▶ Records to use
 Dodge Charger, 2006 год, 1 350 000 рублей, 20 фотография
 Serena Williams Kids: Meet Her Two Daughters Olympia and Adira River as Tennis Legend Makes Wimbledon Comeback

==

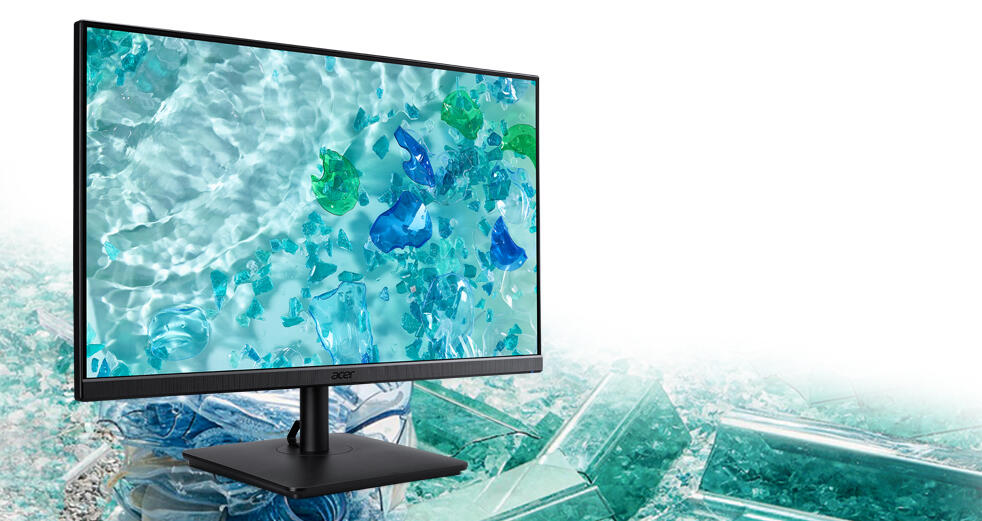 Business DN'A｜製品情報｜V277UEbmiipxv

==

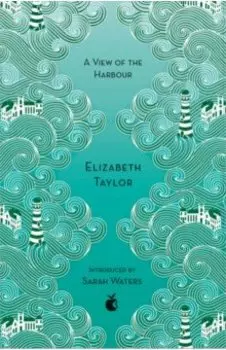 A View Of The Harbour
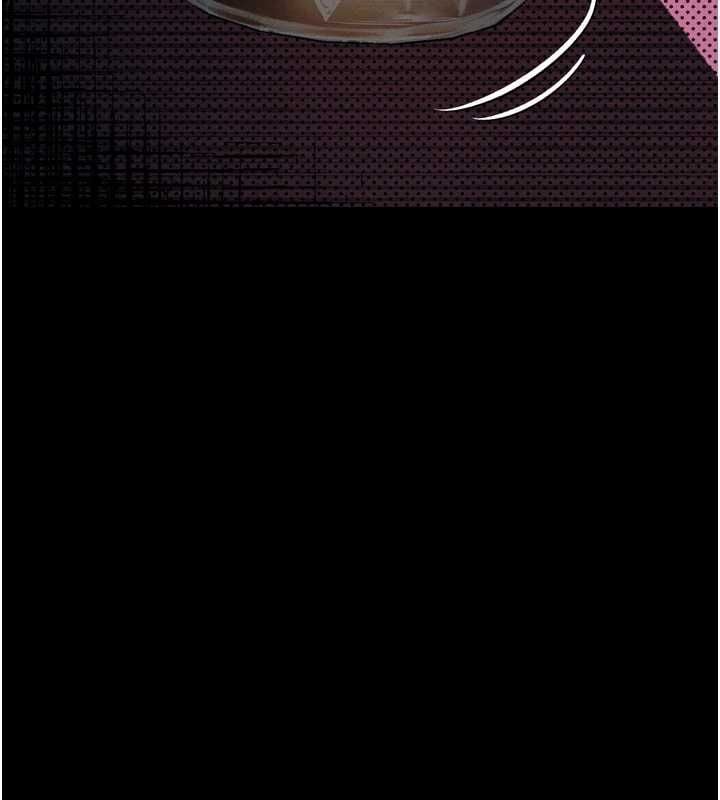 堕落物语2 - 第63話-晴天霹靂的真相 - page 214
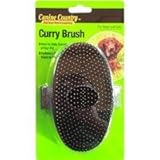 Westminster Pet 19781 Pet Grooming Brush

▶ What to produce
Give an exact copy of the lines above from the line with "Dodge Charger, 2006" up to and including the line with "Serena Williams Kids: Meet", and leave everything else out.

▶ Answer area
 Dodge Charger, 2006 год, 1 350 000 рублей, 20 фотография
 Serena Williams Kids: Meet Her Two Daughters Olympia and Adira River as Tennis Legend Makes Wimbledon Comeback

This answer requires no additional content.